Du Nord à l’international : Belgique, Suisse, Afrique du Sud, Dubaï
Autre signal fort : l’expansion géographique. Nassim Boukrouh revendique un développement au-delà des Hauts-de-France, avec des projets cités en Belgique, Suisse, Afrique du Sud et Dubaï. L’idée exprimée : ne pas rester cantonné à un seul territoire, sortir de sa zone de confort et se diversifier.
Pour un entrepreneur spécialisé dans des actifs sous-valorisés, l’international peut offrir :
- Un élargissement du deal flow: plus de marchés, plus d’opportunités potentielles.
- Une montée en compétence: chaque pays impose ses codes et oblige à structurer davantage.
- Une diversification: limiter la dépendance à un seul cycle local.
Le fil conducteur reste identique : identifier des biens transformables et les rendre plus liquides, avec un usage clair.
Mentorat et impact territorial : « laisser une trace » au-delà de l’argent
Le portrait insiste sur une dimension supplémentaire : Nassim Boukrouh ne se présente pas uniquement comme un opérateur immobilier, mais aussi comme un mentor et un bâtisseur d’écosystème. Il met en avant la transmission, l’exigence et la capacité à aider ceux qui s’engagent réellement.
Et derrière la performance, il y a une motivation plus durable, formulée en termes d’héritage : l’envie de laisser une trace, de contribuer à transformer un quartier, un site, un morceau de ville. Cette ambition d’impact territorial donne un sens supplémentaire à la reconversion : réanimer une friche, c’est aussi réactiver une mémoire ouvrière et ouvrir des espaces utiles aux entrepreneurs d’aujourd’hui.
Ce que l’on peut retenir de l’approche Nassim Boukrouh
Le parcours et la méthode décrits mettent en avant une idée simple : dans l’immobilier, la valeur ne vient pas seulement de la pierre, mais de la capacité à changer l’usage, structurer un produit et accélérer l’exécution.

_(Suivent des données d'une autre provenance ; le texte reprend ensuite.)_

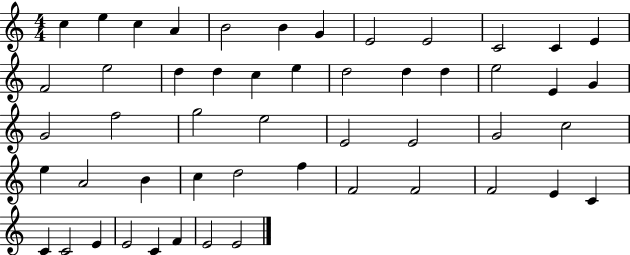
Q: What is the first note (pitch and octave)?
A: C5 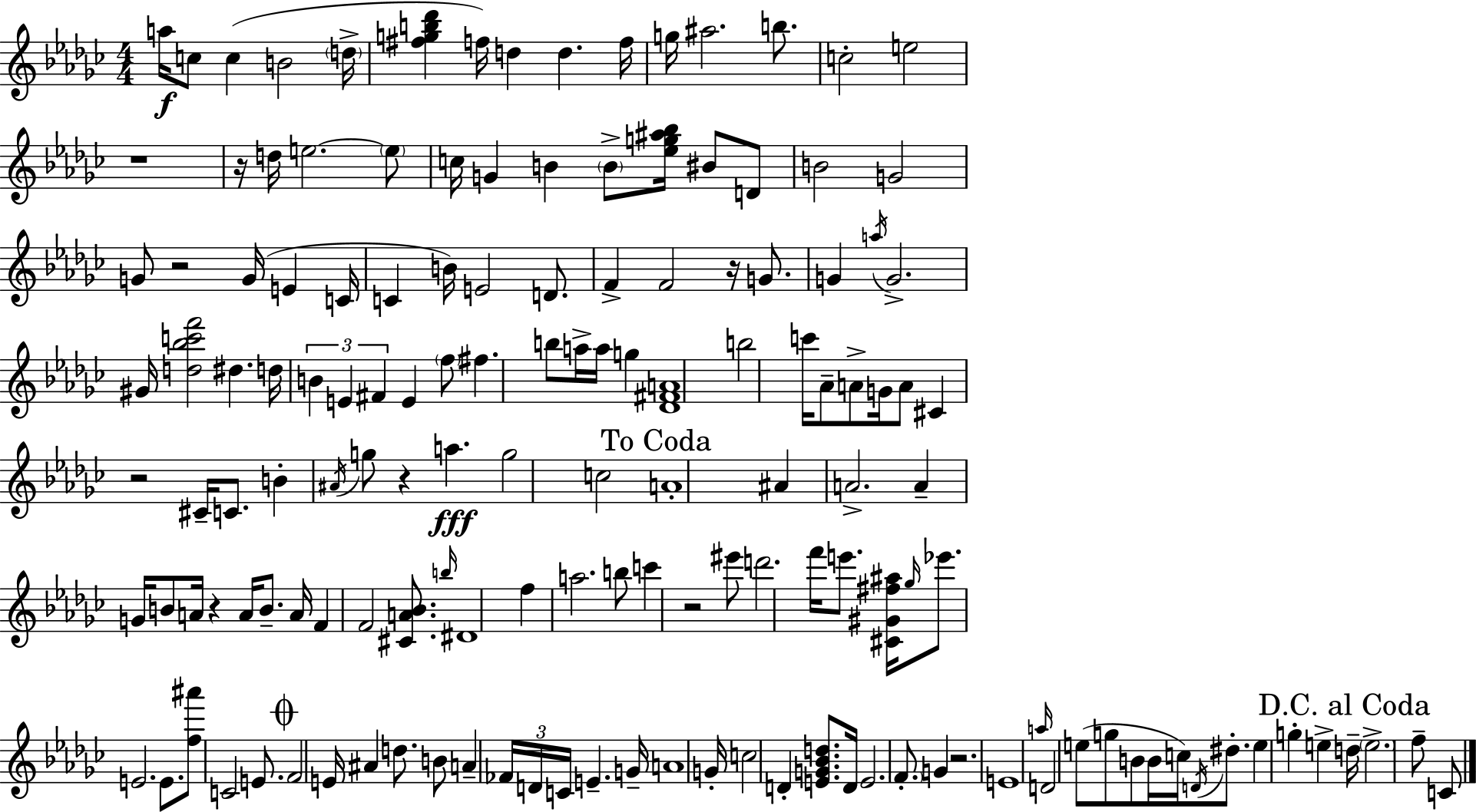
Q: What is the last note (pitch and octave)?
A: C4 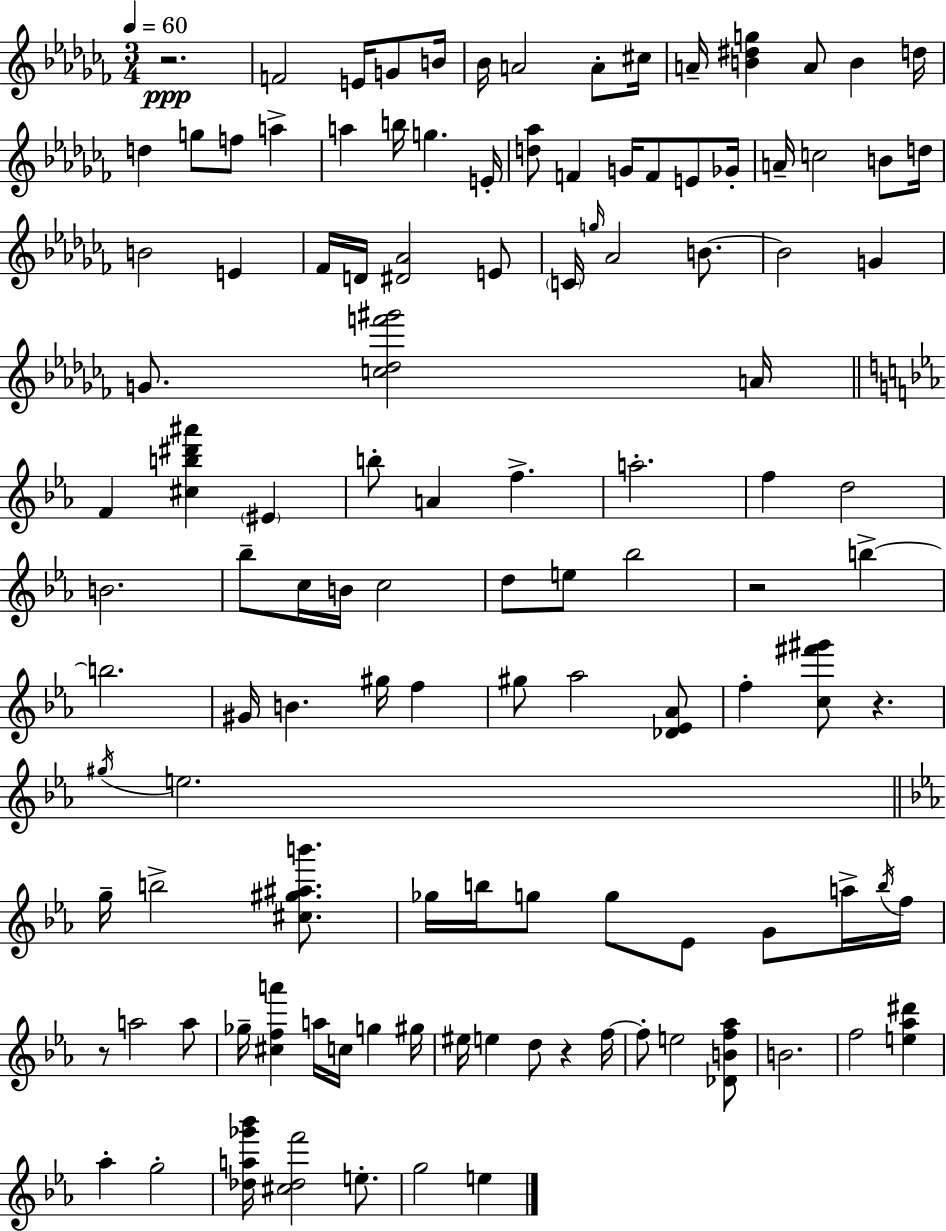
R/h. F4/h E4/s G4/e B4/s Bb4/s A4/h A4/e C#5/s A4/s [B4,D#5,G5]/q A4/e B4/q D5/s D5/q G5/e F5/e A5/q A5/q B5/s G5/q. E4/s [D5,Ab5]/e F4/q G4/s F4/e E4/e Gb4/s A4/s C5/h B4/e D5/s B4/h E4/q FES4/s D4/s [D#4,Ab4]/h E4/e C4/s G5/s Ab4/h B4/e. B4/h G4/q G4/e. [C5,Db5,F6,G#6]/h A4/s F4/q [C#5,B5,D#6,A#6]/q EIS4/q B5/e A4/q F5/q. A5/h. F5/q D5/h B4/h. Bb5/e C5/s B4/s C5/h D5/e E5/e Bb5/h R/h B5/q B5/h. G#4/s B4/q. G#5/s F5/q G#5/e Ab5/h [Db4,Eb4,Ab4]/e F5/q [C5,F#6,G#6]/e R/q. G#5/s E5/h. G5/s B5/h [C#5,G#5,A#5,B6]/e. Gb5/s B5/s G5/e G5/e Eb4/e G4/e A5/s B5/s F5/s R/e A5/h A5/e Gb5/s [C#5,F5,A6]/q A5/s C5/s G5/q G#5/s EIS5/s E5/q D5/e R/q F5/s F5/e E5/h [Db4,B4,F5,Ab5]/e B4/h. F5/h [E5,Ab5,D#6]/q Ab5/q G5/h [Db5,A5,Gb6,Bb6]/s [C#5,Db5,F6]/h E5/e. G5/h E5/q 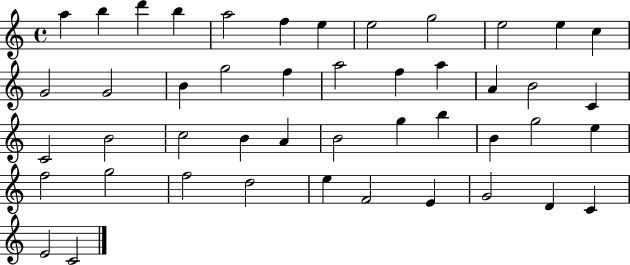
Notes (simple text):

A5/q B5/q D6/q B5/q A5/h F5/q E5/q E5/h G5/h E5/h E5/q C5/q G4/h G4/h B4/q G5/h F5/q A5/h F5/q A5/q A4/q B4/h C4/q C4/h B4/h C5/h B4/q A4/q B4/h G5/q B5/q B4/q G5/h E5/q F5/h G5/h F5/h D5/h E5/q F4/h E4/q G4/h D4/q C4/q E4/h C4/h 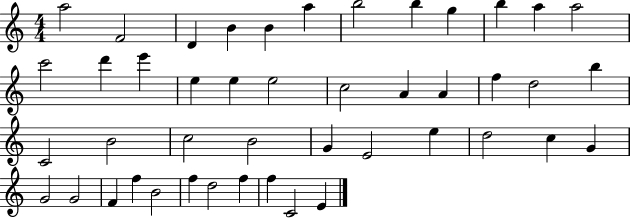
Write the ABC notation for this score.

X:1
T:Untitled
M:4/4
L:1/4
K:C
a2 F2 D B B a b2 b g b a a2 c'2 d' e' e e e2 c2 A A f d2 b C2 B2 c2 B2 G E2 e d2 c G G2 G2 F f B2 f d2 f f C2 E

En s’attaquant à des volumes que beaucoup évitent, Nassim Boukrouh transforme des contraintes en avantages concurrentiels.
Synthèse des bénéfices clés
- Créer des marges via la découpe et le repositionnement de grands volumes.
- Servir le territoire en proposant des cellules adaptées aux artisans, TPE et PME.
- Débloquer des projets avec des alternatives au financement bancaire grâce au collectif.
- Répliquer un modèle grâce à la scalabilité, en France et à l’international.
- Donner du sens en visant un impact durable, au-delà de la simple opération financière.
Dans un contexte où de nombreux sites industriels attendent une seconde vie, cette stratégie montre comment une friche peut devenir un levier de dynamisme économique, de création d’usage et de transformation urbaine, à condition d’associer vision, méthode et exécution.